- Born: December 12, 1960 (age 65) Montreuil
- Education: CELSA Sorbonne University
- Occupations: Journalist, Television director
- Employer(s): France Inter (since 2017) TF1 Group
- Awards: Ordre national du Mérite (2010) Legion of Honour (2018)

= Catherine Nayl =

French journalist

Catherine Nayl is a French journalist and presenter, born on December 12, 1960. Most notably, she worked for TF1 from 1984 to 2017.

== Biography ==

Catherine Nayl was born on 12 December 1960.

After studying journalism at CELSA Sorbonne University, Catherine Nayl began her career at TF1 as a reporter in 1984. She is not widely known to French viewers for having briefly served as a presenter three times in the 1990s on TF1: the 11 PM news in the summer of 1990, the news program à la une in 1993, and she also served as a fill-in for Claire Chazal presenting weekend news broadcasts in the summer of 1998. After being editor-in-chief of the 1 PM news program with Jean-Pierre Pernaut, and then head of reports for the TF1 television channel, she became director of editorial content when Jean-Claude Dassier took over the news division in June 2008.

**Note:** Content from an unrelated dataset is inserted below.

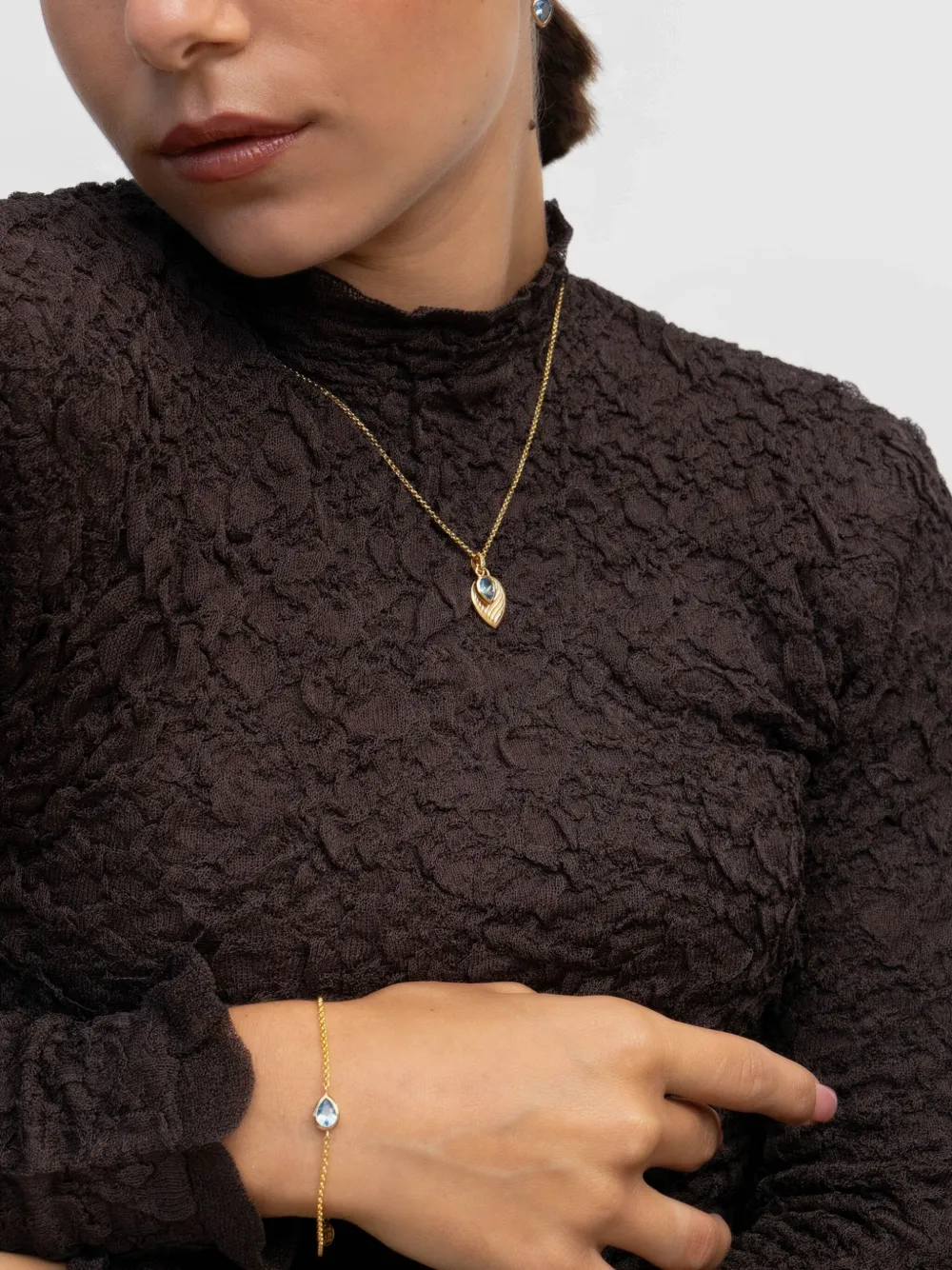 Dower & Hall Twist-embellished Pendant Necklace In Gold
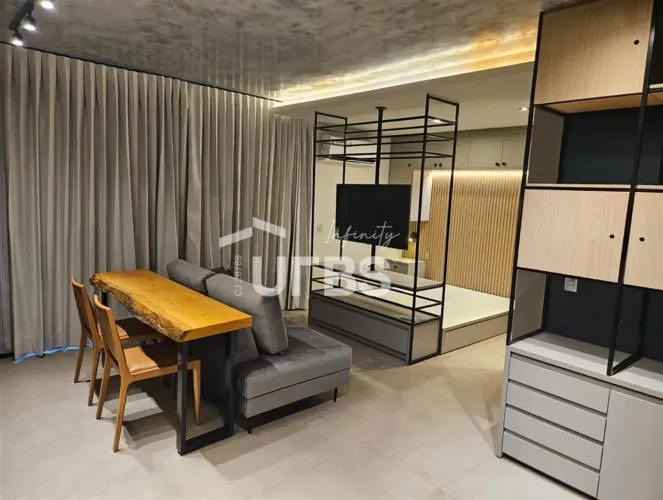 Flat à venda, setor oeste, 1 quarto (1 suíte), 1 vaga de garagem, próximo à praça tamandar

In June 2009, following the official announcement of Jean-Claude Dassier's departure, she was appointed Director of News at TF1 and was responsible for the editorial thematic units. She then became Deputy General Director in charge of news for the TF1 group. She left her position at the end of September 2017. On December 22, 2017, she was appointed Director of News for France Inter, replacing Jean-Marc Four.